The district court awarded respondent $15,000 in attorney’s fees because “[t]he numerous motions and the added expense of the current litigation between the parties is the result of the actions of petitioner as is shown by the affidavits and now the testimony of Dr. Gilbertson,” and because appellant’s desire to distance herself from respondent, including her move to Elk River, had been the cause of most of the motions between the parties.  The court further found that appellant has acted in bad faith to unnecessarily delay the proceedings, and the conduct-based award would deter future delays.  While the district court did not limit its analysis to events that unreasonably contributed to the length of the current proceedings, or the proceedings initiated by respondent’s June 2002 motion, the district court based its finding on appellant’s bad-faith measures designed to delay implementation of Dr. Gilbertson’s recommendations.  Thus, there is sufficient evidence in the record underlying the court’s finding of bad faith conduct in the current proceedings, and therefore the district court did not abuse its discretion by awarding attorney’s fees. 


Appellant argues that the district court improperly awarded respondent reimbursement for vacation expenses he incurred in anticipation of parenting time because the court failed to make specific findings explaining its rationale.  A district court’s award of parenting time expenses under Minn. Stat. § 518.175, subd. 6(c)(4) (2002), will not be overturned absent an abuse of discretion.  Olson v.
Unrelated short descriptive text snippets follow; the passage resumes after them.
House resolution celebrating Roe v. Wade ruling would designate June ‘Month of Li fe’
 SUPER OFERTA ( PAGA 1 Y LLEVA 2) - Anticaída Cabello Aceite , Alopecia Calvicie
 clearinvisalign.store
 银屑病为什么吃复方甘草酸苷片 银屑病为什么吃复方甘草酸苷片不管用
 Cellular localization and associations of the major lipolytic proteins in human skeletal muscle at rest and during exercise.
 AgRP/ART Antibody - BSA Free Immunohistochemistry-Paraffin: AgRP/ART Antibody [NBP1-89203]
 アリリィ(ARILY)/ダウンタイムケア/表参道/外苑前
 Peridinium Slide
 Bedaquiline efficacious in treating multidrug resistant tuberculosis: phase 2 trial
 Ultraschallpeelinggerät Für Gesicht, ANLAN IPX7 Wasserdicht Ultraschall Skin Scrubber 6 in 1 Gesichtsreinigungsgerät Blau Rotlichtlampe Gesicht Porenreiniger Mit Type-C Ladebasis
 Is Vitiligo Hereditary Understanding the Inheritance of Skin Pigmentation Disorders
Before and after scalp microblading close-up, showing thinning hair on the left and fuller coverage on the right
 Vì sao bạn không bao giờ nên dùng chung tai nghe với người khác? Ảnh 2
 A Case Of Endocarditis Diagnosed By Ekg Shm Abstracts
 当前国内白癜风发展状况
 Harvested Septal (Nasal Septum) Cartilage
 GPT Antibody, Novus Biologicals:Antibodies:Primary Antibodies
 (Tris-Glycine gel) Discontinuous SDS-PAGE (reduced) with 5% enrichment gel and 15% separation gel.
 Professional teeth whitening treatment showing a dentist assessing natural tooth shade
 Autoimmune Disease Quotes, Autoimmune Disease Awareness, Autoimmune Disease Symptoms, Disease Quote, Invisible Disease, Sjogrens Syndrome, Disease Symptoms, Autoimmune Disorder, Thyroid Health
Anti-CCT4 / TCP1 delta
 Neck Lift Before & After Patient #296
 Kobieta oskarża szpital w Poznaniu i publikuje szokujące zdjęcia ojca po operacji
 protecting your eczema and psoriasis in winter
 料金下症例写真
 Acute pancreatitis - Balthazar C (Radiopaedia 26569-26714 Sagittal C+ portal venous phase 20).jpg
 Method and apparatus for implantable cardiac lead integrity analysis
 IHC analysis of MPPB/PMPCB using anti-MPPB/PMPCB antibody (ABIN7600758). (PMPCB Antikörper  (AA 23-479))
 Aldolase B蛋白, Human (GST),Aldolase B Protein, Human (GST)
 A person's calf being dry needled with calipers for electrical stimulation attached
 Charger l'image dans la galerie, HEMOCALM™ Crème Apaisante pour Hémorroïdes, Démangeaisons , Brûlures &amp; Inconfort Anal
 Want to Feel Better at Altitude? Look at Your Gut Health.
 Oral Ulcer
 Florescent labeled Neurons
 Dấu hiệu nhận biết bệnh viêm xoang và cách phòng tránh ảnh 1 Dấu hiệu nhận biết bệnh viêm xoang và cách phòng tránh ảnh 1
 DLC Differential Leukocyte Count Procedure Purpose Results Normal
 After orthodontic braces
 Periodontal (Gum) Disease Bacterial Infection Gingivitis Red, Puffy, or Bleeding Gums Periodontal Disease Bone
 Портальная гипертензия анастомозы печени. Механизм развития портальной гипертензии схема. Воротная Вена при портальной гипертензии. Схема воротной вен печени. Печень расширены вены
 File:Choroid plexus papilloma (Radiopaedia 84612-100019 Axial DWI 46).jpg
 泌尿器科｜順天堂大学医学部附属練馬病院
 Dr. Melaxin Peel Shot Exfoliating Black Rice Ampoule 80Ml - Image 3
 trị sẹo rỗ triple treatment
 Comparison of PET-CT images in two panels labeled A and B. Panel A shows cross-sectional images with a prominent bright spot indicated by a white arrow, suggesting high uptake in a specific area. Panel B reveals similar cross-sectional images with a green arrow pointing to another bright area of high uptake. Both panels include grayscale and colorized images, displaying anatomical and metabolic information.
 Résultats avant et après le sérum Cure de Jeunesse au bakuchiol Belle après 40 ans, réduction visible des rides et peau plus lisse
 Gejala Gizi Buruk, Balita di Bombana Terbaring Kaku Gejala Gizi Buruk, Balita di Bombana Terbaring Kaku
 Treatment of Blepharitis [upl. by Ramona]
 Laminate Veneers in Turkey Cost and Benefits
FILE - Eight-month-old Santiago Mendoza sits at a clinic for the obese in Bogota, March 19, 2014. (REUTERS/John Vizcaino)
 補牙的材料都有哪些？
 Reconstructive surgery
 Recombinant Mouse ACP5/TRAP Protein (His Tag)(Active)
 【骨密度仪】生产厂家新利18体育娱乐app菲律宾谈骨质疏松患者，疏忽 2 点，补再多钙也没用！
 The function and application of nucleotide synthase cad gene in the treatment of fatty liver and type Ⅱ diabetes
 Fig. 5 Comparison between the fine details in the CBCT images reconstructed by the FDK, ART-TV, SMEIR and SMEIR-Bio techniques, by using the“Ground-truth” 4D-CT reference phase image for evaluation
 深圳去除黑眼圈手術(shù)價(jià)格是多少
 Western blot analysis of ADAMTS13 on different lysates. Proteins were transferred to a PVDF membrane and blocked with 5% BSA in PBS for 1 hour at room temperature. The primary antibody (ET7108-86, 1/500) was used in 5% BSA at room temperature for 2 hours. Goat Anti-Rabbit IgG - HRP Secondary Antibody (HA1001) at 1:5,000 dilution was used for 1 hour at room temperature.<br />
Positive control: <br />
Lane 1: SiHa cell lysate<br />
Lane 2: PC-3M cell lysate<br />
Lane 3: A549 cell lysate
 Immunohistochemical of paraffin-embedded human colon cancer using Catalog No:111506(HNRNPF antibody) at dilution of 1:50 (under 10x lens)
Olson, 534 N.W.2d 547, 550 (Minn. 1995).  Here, the district court found that appellant could have, and should have, adjusted her vacation schedule to accommodate respondent’s plans.  While respondent’s notice was not timely by ten days under the decree, he could not purchase tickets until he was positive about his available dates for travel.  The district court adequately explained its rationale for the award and did not abuse its discretion. 


            Finally, appellant argues that the district court’s modification of respondent’s parenting schedule providing respondent with additional weekend parenting time is not in the children’s best interests because it requires the children to spend too much time away from their extra-curricular activities, friends, and religious instruction.  Modification of a visitation order is required whenever it would serve the best interests of the child.  Minn. Stat. § 518.175, subd. 5 (2002).  The district court has broad discretion to determine the child’s best interests in the area of visitation.  Rutten v. Rutten, 347 N.W.2d 47, 51 (Minn. 1984).  The court awarded respondent additional parenting time based on Dr. Gilbertson’s conclusion that it was necessary to repair the children’s relationship with respondent.  As such, the modification was not an abuse of discretion.


[1] Neither the district court nor Dr. Gilbertson made specific findings as to whether the harm caused by the change in environment is outweighed by the advantages.  Here, the omission is harmless as a matter of law because that finding is implicit in the endangerment determination.  See Eckman, 410 N.W.2d at 389 (upholding modification without explicit advantage findings because the advantage was implicit in other factors).

[2] The district court’s October 9, 2003, order further justified its award of attorney’s fees by noting that appellant had substantially more income than respondent.  Because this reference to need-based fees constituted one sentence in the order without any further support, this court will examine the award as conduct-based.